It is important to distinguish recycling from zero waste. The most common practice of recycling is simply that of placing bottles, cans, paper, and packaging into curbside recycling bins. The modern version of recycling is more complicated and involves many more elements of financing and government support. For example, a 2007 report by the
U.S. Environmental Protection Agency states that the US recycles at a national rate of 33.5% and includes in this figure composted materials. In addition, many multinational commodity companies have been created to handle recycled materials. At the same time, claims of recycling rates have sometimes been exaggerated, for example by the inclusion of
soil and organic matter used to cover garbage dumps daily, in the "recycled" column. In US states with recycling incentives, there is constant local pressure to inflate recycling statistics. Recycling has been separated from the concept of zero waste. One example of this is the
computer industry where worldwide millions of PC's are disposed of as
electronic waste each year in 2016 44.7 million metric tons of electronic waste was generated of which only 20% was documented and recycled. Some computer manufacturers
refurbish leased computers for resale. Community Organizations have also entered this space by refurbishing old computers from donation campaigns for distribution to undeserved communities.
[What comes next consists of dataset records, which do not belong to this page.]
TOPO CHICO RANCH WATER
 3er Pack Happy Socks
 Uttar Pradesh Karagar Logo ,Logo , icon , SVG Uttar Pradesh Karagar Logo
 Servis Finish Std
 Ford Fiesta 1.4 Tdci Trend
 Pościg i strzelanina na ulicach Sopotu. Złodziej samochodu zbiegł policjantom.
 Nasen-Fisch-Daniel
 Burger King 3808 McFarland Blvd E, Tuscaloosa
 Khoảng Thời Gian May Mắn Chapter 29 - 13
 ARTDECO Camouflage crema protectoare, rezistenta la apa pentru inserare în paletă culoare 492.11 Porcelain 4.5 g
Software recycling A clear example of the difference between zero waste and recycling is discussed in
Getting to Zero Waste, in the software industry. Zero waste design can be applied to intellectual property where the effort to code functionality into software objects is developed by design as opposed to copying code
snippets multiple times when needed. The application of zero waste is straightforward as it conserves human effort. Also, software storage mediums have transitioned from consumable diskettes to internal drives which are vastly superior and have a minimal cost per megabyte of storage. This is a physical example where zero waste correctly identifies and avoids wasteful behavior.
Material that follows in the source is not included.